Nonaccrual Loan: Definition, FDIC Criteria, Ways To Fix

What Is a Nonaccrual Loan?

Nonaccrual loan is an accounting term in the lending industry for an unsecured loan that is no longer generating its stated interest rate because no payment has been made by the borrower for 90 days or more. For a lender in business to earn interest, it has become a nonperforming loan (NPL).

Loans generate interest only when the borrower makes a payment, a portion of which is applied to interest and the rest to the principal. The interest on loans is recorded as income by the lender.
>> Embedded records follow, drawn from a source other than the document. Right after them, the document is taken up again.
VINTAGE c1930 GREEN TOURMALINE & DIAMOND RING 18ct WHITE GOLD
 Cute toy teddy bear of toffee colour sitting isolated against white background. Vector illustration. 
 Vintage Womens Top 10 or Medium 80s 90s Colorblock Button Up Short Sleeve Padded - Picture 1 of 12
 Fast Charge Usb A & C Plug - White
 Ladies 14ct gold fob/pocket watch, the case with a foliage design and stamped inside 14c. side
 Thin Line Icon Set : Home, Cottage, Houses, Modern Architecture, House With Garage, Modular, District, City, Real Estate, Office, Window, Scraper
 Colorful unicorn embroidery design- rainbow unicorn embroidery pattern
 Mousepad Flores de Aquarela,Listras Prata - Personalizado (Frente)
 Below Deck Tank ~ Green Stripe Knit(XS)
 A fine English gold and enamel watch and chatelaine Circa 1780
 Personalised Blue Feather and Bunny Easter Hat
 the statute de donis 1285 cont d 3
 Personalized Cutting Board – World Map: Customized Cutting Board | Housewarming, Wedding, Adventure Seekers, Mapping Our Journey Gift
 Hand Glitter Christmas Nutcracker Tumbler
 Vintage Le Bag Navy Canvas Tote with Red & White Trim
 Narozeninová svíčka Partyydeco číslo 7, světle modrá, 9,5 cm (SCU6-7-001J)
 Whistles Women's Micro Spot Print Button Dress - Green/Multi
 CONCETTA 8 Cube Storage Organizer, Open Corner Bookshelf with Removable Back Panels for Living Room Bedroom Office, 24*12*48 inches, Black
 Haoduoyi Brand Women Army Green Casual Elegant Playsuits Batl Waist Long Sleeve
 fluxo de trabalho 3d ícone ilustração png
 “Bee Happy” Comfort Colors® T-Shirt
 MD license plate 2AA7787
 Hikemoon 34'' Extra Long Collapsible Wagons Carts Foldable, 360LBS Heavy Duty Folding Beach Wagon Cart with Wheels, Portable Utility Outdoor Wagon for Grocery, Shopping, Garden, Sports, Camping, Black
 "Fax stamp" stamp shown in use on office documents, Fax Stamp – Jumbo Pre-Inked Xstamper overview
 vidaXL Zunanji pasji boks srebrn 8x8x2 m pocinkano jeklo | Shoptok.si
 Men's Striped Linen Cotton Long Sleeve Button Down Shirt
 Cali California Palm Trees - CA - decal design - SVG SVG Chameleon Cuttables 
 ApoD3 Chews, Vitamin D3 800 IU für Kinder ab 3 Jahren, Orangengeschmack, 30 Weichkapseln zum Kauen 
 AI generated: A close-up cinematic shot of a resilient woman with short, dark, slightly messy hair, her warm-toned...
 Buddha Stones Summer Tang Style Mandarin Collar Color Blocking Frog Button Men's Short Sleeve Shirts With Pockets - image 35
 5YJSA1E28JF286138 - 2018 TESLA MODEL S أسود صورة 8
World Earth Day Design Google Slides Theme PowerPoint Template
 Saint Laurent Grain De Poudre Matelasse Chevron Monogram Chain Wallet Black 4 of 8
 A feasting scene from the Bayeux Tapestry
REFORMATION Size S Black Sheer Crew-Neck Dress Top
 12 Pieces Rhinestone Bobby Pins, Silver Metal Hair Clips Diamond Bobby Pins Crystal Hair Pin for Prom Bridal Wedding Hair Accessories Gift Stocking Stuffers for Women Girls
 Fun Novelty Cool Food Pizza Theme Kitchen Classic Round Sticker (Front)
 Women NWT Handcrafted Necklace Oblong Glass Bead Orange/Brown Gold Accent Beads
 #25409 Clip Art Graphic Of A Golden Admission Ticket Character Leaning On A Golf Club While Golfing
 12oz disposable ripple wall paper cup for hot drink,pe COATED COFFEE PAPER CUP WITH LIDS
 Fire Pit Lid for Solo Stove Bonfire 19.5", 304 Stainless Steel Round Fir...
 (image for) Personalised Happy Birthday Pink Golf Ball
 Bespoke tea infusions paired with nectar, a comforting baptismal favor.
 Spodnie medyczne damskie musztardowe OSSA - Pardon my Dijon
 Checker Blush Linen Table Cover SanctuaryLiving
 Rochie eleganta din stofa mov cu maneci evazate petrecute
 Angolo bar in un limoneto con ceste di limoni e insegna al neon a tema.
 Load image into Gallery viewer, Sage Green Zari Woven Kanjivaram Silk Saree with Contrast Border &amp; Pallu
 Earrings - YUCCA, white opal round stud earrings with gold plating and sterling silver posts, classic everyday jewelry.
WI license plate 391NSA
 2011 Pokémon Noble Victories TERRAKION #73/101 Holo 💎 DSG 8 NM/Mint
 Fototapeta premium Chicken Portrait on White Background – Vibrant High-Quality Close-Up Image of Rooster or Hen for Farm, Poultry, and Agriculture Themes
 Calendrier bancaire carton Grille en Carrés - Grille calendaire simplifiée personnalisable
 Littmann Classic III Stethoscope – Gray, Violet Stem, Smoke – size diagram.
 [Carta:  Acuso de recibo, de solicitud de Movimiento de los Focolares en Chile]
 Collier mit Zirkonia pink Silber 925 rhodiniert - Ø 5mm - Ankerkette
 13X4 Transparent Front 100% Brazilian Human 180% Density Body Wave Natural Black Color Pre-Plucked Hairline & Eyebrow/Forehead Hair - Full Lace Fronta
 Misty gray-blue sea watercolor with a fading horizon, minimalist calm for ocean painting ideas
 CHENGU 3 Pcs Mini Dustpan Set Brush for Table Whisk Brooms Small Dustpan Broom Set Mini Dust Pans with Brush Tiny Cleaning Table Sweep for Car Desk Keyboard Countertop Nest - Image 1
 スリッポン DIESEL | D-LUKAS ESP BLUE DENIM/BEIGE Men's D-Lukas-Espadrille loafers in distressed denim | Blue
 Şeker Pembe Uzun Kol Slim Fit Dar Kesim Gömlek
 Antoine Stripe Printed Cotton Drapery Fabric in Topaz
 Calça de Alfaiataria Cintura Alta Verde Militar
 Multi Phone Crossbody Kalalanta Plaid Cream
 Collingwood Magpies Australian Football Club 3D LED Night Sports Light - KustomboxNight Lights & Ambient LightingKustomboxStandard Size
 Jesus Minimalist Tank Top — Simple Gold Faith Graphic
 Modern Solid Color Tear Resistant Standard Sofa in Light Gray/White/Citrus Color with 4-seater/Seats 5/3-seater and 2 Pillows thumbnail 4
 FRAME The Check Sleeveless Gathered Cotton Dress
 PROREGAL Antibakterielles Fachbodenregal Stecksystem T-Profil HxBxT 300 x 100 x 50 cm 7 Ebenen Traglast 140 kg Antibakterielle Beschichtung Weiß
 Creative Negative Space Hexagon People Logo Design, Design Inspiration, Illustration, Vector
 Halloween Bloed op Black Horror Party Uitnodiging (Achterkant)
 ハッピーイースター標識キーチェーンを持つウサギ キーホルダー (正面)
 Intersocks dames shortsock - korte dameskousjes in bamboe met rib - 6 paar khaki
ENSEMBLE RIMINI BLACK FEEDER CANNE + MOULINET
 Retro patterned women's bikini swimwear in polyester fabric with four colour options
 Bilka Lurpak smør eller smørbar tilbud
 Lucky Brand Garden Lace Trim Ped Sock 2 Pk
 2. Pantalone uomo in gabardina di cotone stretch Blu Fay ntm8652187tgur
If no interest has been paid by the customer, the expected interest has not accrued, so the loan has become nonaccrual.

Nonaccrual loans are sometimes referred to as doubtful loans, troubled loans, or sour loans.

Key Takeaways

  • A lending institution categorizes an unsecured debt as a nonaccrual loan if no payment has been made for 90 days or more.
  • In accounting terms, the expected interest has not accrued to the lender because no interest has been paid by the customer.
  • A borrower can work out a repayment plan to restore the loan to its previous status.

How a Nonaccrual Loan Works

When no payment has been received for 90 days, a loan becomes nonaccrual. The bank classifies the loan as substandard and reports the change to the credit reporting agencies, which lowers the borrower's credit score.

The lender also changes its allowance for the potential loan loss, sets aside a reserve to protect the bank's financial interests, and may take legal action against the borrower.

Since regular payment of both principal and interest is expected by the lender, interest income from loans is usually assumed. When a loan becomes nonaccrual, the interest is no longer an assumed payment, so the loan is put on a cash basis. Interest will be recorded as income again only if payment is eventually collected.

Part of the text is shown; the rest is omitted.